DIRECTIONS FOR THIS TASK: Each record should be given again exactly as it appears, with no image included.

EXERCISE MATERIALS:
┄┄┄┄┄┄

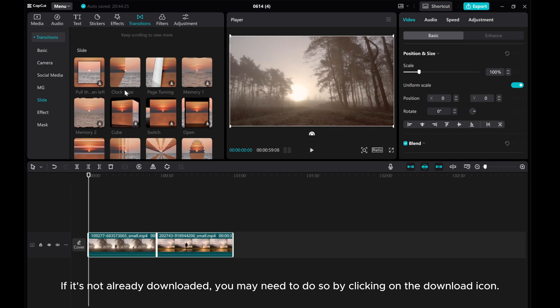If it's not already downloaded, you may need to do so by clicking on the download icon.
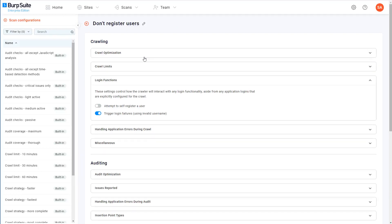You can then combine them in all kinds of different ways when creating scans to set a whole range of more comprehensive overall configurations. Working in this way makes your individual configurations more reusable, but it's obviously completely up to you. If there's a specific combination of settings that you use a lot, you can just change all of the settings you need in a single configuration.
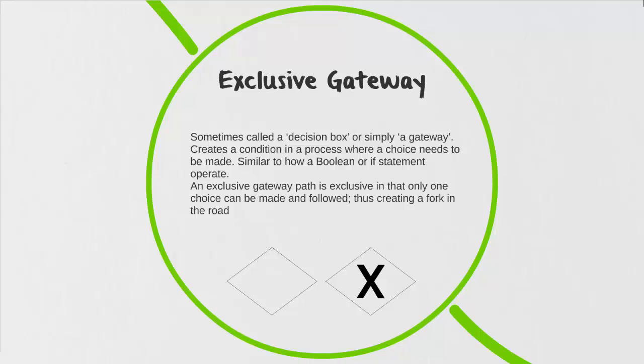You'd have to make one choice and you could only go down one path. That's what our exclusive gateway does—it creates those conditions for us and it becomes exclusive in the nature that you can only make one choice and then follow that path.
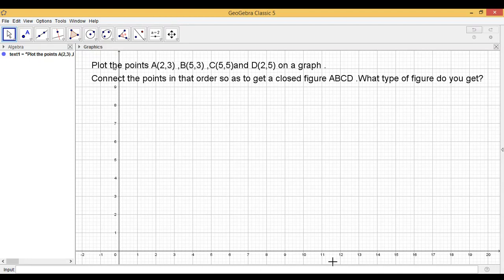The question says, plot the points A(2,3), B(5,3), C(5,5) and D(2,5) on a graph. Connect the points in that order so as to get a closed figure ABCD. What type of figure do you get?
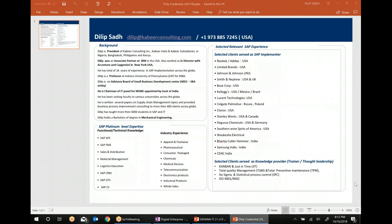Let me briefly introduce myself. My name is Dilip Sad, I'm president of Kabir Consulting, Kabir Infotech, and further companies. In my professional experience I primarily worked with three companies: I was Associate Partner with IBM in the US in the New York office, I was a Director with Accenture and Cap Gemini in the New York office, and I've been doing SAP for the past several years. I'm also on the advisory board of a few other companies, and I'm a mechanical engineer.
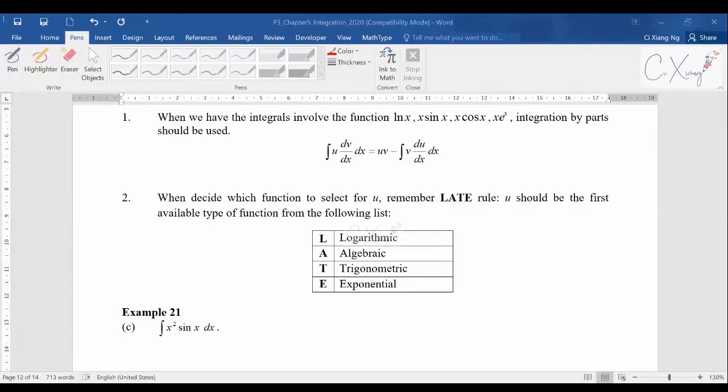Let's continue with integration by parts. In the previous video we already discussed two basic examples on how to use the integration by parts technique to integrate the product of functions.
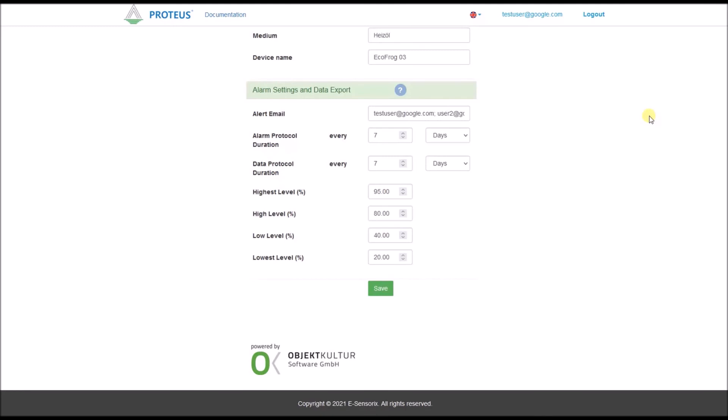In addition to the alarm messages, you have the option of receiving tabular protocols of the triggered alarm messages and general filling level protocols for your tank via email. Simply enter a desired interval for the respective protocol type and protocol emails will be sent to you after each complete time interval has elapsed.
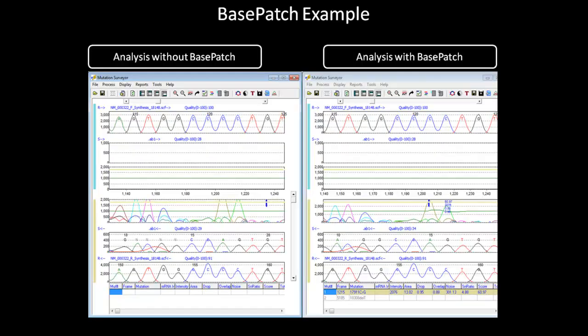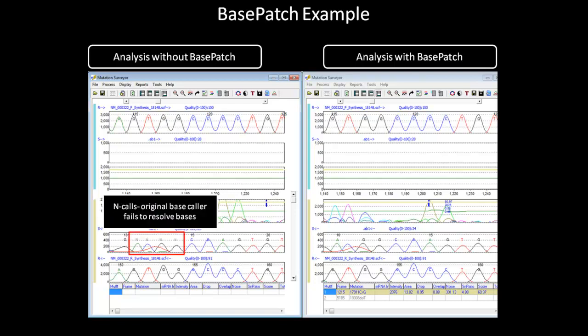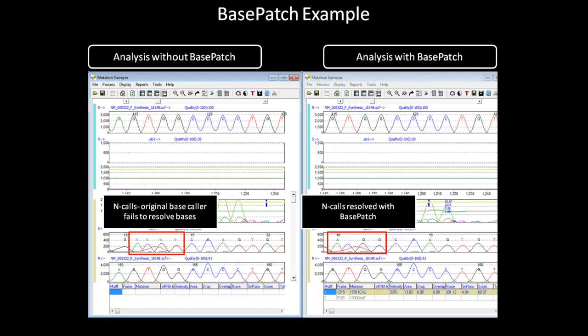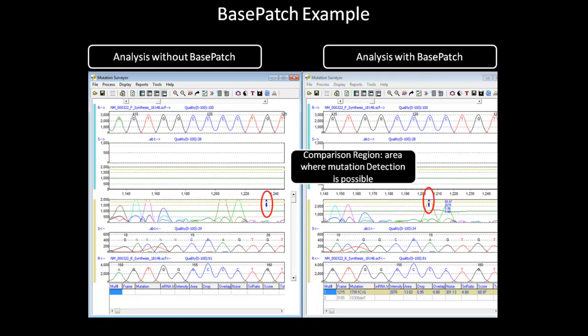In this example, the analysis to the left is run without activating Base Patch, and the analysis to the right is run with Base Patch. The first difference to note is the end base calls on the left side. With Base Patch on, three out of the four end base calls were recalled as their respective nucleotides. These base call corrections allow the software to align the sample trace better and extend the comparison region for more mutation detection.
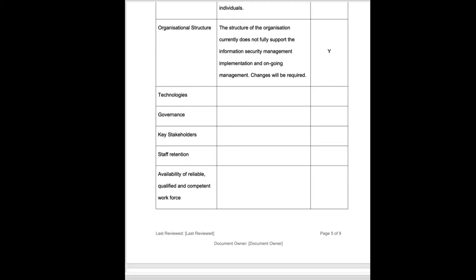There may be things around governance. We may have a strong governance culture or a weak governance culture. We may be early on our governance journey. We're looking at things like key stakeholders. So internally are there any positives or negatives around key stakeholders? Staff retention.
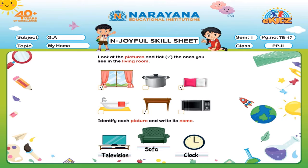Next one — these are the cushions, right? And we see them in the living room? Yes. So we will take it. Next one is the bathtub. Do we see it in the living room? No, we do not see this. The next one is the center table. Do we see the table in the living room? Yes, we see it in the living room. So we will take it.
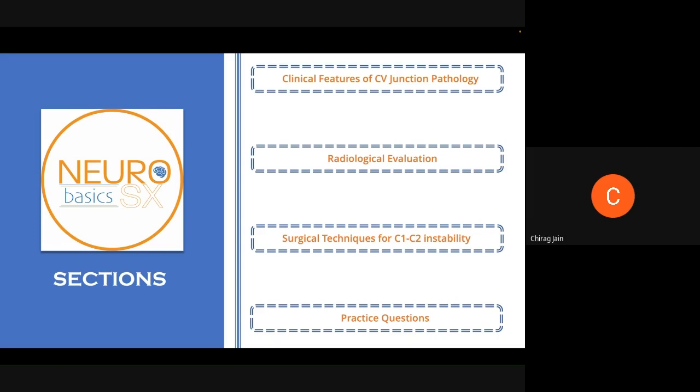Today we'll be covering the second part of the cranio-vertebral junction discussion. The topics for today's lecture will include the clinical features of CV junction pathologies, how to evaluate them radiologically, and a discussion of the surgical techniques for the main CV junction pathology — that is C1, C2 instability.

┄┄┄┄┄┄

TASK ANSWER:
If it's not already downloaded, you may need to do so by clicking on the download icon.
You can then combine them in all kinds of different ways when creating scans to set a whole range of more comprehensive overall configurations. Working in this way makes your individual configurations more reusable, but it's obviously completely up to you. If there's a specific combination of settings that you use a lot, you can just change all of the settings you need in a single configuration.
You'd have to make one choice and you could only go down one path. That's what our exclusive gateway does—it creates those conditions for us and it becomes exclusive in the nature that you can only make one choice and then follow that path.
The question says, plot the points A(2,3), B(5,3), C(5,5) and D(2,5) on a graph. Connect the points in that order so as to get a closed figure ABCD. What type of figure do you get?
Let me briefly introduce myself. My name is Dilip Sad, I'm president of Kabir Consulting, Kabir Infotech, and further companies. In my professional experience I primarily worked with three companies: I was Associate Partner with IBM in the US in the New York office, I was a Director with Accenture and Cap Gemini in the New York office, and I've been doing SAP for the past several years. I'm also on the advisory board of a few other companies, and I'm a mechanical engineer.
Let's continue with integration by parts. In the previous video we already discussed two basic examples on how to use the integration by parts technique to integrate the product of functions.
In addition to the alarm messages, you have the option of receiving tabular protocols of the triggered alarm messages and general filling level protocols for your tank via email. Simply enter a desired interval for the respective protocol type and protocol emails will be sent to you after each complete time interval has elapsed.
In this example, the analysis to the left is run without activating Base Patch, and the analysis to the right is run with Base Patch. The first difference to note is the end base calls on the left side. With Base Patch on, three out of the four end base calls were recalled as their respective nucleotides. These base call corrections allow the software to align the sample trace better and extend the comparison region for more mutation detection.
There may be things around governance. We may have a strong governance culture or a weak governance culture. We may be early on our governance journey. We're looking at things like key stakeholders. So internally are there any positives or negatives around key stakeholders? Staff retention.
Next one — these are the cushions, right? And we see them in the living room? Yes. So we will take it. Next one is the bathtub. Do we see it in the living room? No, we do not see this. The next one is the center table. Do we see the table in the living room? Yes, we see it in the living room. So we will take it.
Today we'll be covering the second part of the cranio-vertebral junction discussion. The topics for today's lecture will include the clinical features of CV junction pathologies, how to evaluate them radiologically, and a discussion of the surgical techniques for the main CV junction pathology — that is C1, C2 instability.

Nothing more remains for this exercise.